Let us be clear. This has nothing to do with the deficit and everything to do with the ideological preferences of the Majority. Today, the defense appropriations bill is on the floor with an allocation billions of dollars above the budget agreement.
Meanwhile, this appropriations bill that deals with families, women, children and the health and fabric of our nation has taken the brunt of the Republican reductions. This is a choice made by the Majority.
That is why there has been no collaboration between us with this bill. Because everyone in this room knows that the Majority has chosen to shortchange these important priorities from the very beginning. That is a shame for the process and for the committee.
Some allege that this appropriations bill must be cut because of the deficit. That is baloney. Over the past ten years, the appropriation level for this bill has increased by 27 percent. At the same time, prices have risen by 25 percent and the population has grown by nine percent. So if you adjust the appropriation level for inflation, this bill has only grown by two percent over the past ten years -- in other words, it has basically been flat. And, if you adjust for inflation and population growth, this bill has actually shrunk by seven percent since 2002.

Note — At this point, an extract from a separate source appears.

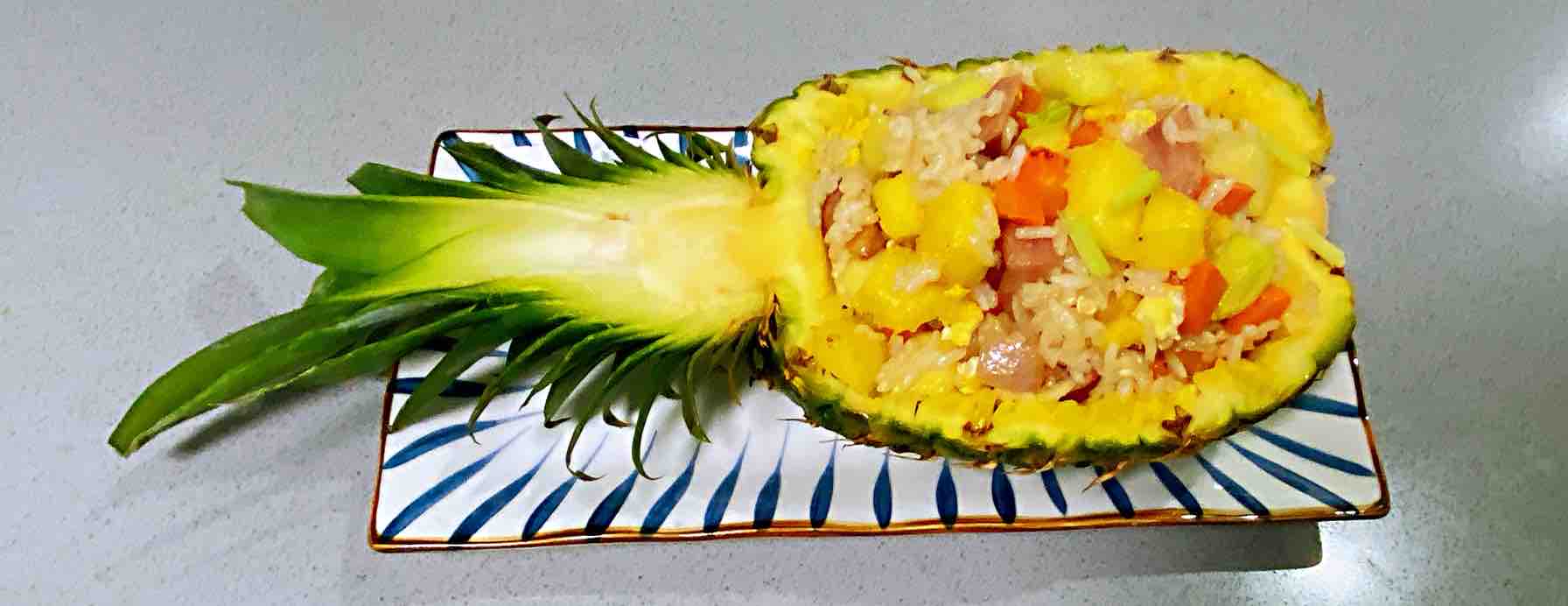 [recipe for Pregnant Women] Colorful Pineapple Rice, Bright Color and Sweet recipe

The Majority would have it shrink further. Once again -- and for the thirty-second time in this Congress -- this bill attempts to eliminate funding to, and I quote, "implement, administer, enforce, or further the provisions of" the Affordable Care Act. It would basically stop, among other things, preventive health care services for women and families, coverage for children with pre-existing conditions, and closing the drug donut hole for seniors. This is wrong for women, wrong for children, and wrong for seniors. Shame on you.
In addition, this bill reduces funding for other programs that are vitally important to the health and well-being of women, families and children, particularly among the most vulnerable in our society.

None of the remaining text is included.